Exercise description:
The answer is to be an exact copy of the lines below running from the line with "Walk-in Shower Wall" down to the line with "Load image into", both ends included, and nothing more.

[Short web captions]
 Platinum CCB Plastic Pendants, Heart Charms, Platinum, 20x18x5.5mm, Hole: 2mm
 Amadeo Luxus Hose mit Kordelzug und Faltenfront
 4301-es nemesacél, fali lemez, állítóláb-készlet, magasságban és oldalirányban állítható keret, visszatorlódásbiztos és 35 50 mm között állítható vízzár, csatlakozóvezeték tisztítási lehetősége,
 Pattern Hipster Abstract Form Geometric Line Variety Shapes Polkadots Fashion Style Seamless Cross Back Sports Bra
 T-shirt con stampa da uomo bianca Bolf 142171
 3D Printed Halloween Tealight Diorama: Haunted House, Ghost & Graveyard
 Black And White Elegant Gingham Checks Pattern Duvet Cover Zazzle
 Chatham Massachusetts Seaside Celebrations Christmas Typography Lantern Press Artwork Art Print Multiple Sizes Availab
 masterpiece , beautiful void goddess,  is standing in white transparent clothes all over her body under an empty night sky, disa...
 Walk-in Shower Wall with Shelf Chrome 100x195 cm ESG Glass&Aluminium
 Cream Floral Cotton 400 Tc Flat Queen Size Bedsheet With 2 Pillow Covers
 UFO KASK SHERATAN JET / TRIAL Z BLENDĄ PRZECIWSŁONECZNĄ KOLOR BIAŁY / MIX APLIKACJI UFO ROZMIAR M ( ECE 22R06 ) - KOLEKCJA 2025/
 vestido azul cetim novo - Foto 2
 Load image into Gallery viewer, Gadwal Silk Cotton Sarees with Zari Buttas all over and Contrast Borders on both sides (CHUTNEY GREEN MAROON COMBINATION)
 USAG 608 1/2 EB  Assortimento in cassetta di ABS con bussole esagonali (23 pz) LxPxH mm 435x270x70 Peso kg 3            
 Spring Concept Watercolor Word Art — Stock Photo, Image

Answer to the exercise:
 Walk-in Shower Wall with Shelf Chrome 100x195 cm ESG Glass&Aluminium
 Cream Floral Cotton 400 Tc Flat Queen Size Bedsheet With 2 Pillow Covers
 UFO KASK SHERATAN JET / TRIAL Z BLENDĄ PRZECIWSŁONECZNĄ KOLOR BIAŁY / MIX APLIKACJI UFO ROZMIAR M ( ECE 22R06 ) - KOLEKCJA 2025/
 vestido azul cetim novo - Foto 2
 Load image into Gallery viewer, Gadwal Silk Cotton Sarees with Zari Buttas all over and Contrast Borders on both sides (CHUTNEY GREEN MAROON COMBINATION)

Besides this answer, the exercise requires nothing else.